About this task: Starting at the first line of the data below, write out each line exactly until you reach the line containing "1940s Designer SYG", and include that line too.

────────────────────

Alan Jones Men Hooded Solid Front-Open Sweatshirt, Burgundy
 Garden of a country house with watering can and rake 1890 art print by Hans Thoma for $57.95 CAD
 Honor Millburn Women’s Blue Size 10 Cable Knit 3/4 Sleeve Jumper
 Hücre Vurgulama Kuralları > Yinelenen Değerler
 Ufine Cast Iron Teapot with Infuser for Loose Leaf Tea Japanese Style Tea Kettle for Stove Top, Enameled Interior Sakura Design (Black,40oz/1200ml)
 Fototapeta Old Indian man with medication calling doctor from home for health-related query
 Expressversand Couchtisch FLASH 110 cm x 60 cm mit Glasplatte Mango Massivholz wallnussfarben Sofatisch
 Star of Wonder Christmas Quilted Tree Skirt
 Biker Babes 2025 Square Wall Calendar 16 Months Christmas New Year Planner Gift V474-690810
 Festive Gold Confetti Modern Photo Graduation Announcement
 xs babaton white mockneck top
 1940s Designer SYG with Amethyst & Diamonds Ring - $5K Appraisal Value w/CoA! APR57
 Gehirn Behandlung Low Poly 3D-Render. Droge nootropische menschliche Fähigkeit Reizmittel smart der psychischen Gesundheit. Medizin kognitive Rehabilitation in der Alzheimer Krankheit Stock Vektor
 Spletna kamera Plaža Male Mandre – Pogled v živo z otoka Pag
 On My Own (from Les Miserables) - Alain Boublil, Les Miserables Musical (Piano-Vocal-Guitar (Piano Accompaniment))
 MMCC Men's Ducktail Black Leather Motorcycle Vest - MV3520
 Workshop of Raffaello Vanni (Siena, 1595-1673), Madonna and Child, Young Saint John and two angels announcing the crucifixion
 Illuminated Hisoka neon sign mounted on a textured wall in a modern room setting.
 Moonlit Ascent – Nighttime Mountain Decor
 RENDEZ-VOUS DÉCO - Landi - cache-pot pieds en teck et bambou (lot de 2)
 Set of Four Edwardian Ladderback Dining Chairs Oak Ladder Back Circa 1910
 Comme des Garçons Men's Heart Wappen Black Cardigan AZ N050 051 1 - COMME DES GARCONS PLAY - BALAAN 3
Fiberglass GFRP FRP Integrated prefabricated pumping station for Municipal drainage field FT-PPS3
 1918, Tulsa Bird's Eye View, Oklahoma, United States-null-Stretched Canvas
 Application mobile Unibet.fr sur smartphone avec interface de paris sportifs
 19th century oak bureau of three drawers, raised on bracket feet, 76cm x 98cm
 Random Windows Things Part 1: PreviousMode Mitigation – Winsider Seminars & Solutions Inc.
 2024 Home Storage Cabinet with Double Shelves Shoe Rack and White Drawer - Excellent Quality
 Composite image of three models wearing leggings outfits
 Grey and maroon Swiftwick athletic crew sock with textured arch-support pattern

────────────────────

Exercise response:
Alan Jones Men Hooded Solid Front-Open Sweatshirt, Burgundy
 Garden of a country house with watering can and rake 1890 art print by Hans Thoma for $57.95 CAD
 Honor Millburn Women’s Blue Size 10 Cable Knit 3/4 Sleeve Jumper
 Hücre Vurgulama Kuralları > Yinelenen Değerler
 Ufine Cast Iron Teapot with Infuser for Loose Leaf Tea Japanese Style Tea Kettle for Stove Top, Enameled Interior Sakura Design (Black,40oz/1200ml)
 Fototapeta Old Indian man with medication calling doctor from home for health-related query
 Expressversand Couchtisch FLASH 110 cm x 60 cm mit Glasplatte Mango Massivholz wallnussfarben Sofatisch
 Star of Wonder Christmas Quilted Tree Skirt
 Biker Babes 2025 Square Wall Calendar 16 Months Christmas New Year Planner Gift V474-690810
 Festive Gold Confetti Modern Photo Graduation Announcement
 xs babaton white mockneck top
 1940s Designer SYG with Amethyst & Diamonds Ring - $5K Appraisal Value w/CoA! APR57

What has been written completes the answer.